▸ **WORK ITEM**
Reproduce the records exactly, beginning with their first line and ending with the line that contains "Breakfast & Coffee", and output nothing more.
---------- DATA SUPPLIED ----------
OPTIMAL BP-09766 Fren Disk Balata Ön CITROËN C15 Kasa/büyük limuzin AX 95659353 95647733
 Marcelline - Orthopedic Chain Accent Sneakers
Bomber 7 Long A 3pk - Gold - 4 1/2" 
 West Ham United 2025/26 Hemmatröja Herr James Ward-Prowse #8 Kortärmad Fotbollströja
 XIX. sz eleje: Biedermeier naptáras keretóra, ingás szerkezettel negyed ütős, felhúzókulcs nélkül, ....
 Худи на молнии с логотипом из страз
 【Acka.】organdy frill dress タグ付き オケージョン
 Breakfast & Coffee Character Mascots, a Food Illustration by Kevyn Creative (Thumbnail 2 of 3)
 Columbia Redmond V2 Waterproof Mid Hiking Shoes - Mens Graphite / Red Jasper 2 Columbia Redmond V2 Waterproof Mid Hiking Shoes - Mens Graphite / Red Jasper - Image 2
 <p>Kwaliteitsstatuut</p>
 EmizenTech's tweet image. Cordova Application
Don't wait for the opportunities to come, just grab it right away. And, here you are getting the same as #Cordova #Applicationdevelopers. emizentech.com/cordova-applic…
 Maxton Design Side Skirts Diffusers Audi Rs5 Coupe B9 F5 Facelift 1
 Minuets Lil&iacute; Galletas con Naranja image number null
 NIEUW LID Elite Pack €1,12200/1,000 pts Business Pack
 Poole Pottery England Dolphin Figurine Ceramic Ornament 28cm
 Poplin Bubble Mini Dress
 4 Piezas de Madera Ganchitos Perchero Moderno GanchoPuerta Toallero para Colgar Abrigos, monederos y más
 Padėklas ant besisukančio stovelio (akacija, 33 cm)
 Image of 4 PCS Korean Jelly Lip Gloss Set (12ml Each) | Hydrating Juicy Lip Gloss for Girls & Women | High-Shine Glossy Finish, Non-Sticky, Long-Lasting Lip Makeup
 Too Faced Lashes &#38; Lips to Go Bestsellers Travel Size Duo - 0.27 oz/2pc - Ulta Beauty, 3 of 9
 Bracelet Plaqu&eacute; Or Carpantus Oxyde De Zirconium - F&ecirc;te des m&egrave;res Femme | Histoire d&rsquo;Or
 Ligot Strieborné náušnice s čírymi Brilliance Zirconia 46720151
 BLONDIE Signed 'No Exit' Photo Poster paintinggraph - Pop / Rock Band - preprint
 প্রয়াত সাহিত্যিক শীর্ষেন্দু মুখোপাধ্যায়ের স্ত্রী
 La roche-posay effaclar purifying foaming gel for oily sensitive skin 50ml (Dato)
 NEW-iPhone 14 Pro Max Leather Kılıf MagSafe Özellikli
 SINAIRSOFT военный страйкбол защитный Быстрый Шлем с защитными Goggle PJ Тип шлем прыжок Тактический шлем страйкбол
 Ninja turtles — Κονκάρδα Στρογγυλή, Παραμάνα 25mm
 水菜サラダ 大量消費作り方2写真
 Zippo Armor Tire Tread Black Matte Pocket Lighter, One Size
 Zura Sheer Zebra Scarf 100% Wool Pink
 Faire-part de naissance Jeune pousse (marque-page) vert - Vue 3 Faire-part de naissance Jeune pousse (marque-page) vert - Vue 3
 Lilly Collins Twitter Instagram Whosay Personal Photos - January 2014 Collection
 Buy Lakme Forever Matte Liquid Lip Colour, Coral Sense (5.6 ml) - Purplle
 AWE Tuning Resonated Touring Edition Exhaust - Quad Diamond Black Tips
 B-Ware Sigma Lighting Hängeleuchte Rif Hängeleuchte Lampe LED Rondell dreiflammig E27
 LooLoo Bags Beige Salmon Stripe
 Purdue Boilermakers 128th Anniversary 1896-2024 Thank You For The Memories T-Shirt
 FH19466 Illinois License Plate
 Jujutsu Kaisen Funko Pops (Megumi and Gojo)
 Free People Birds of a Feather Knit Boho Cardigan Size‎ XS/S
----------
▸ **WRITTEN RESPONSE**
OPTIMAL BP-09766 Fren Disk Balata Ön CITROËN C15 Kasa/büyük limuzin AX 95659353 95647733
 Marcelline - Orthopedic Chain Accent Sneakers
Bomber 7 Long A 3pk - Gold - 4 1/2" 
 West Ham United 2025/26 Hemmatröja Herr James Ward-Prowse #8 Kortärmad Fotbollströja
 XIX. sz eleje: Biedermeier naptáras keretóra, ingás szerkezettel negyed ütős, felhúzókulcs nélkül, ....
 Худи на молнии с логотипом из страз
 【Acka.】organdy frill dress タグ付き オケージョン
 Breakfast & Coffee Character Mascots, a Food Illustration by Kevyn Creative (Thumbnail 2 of 3)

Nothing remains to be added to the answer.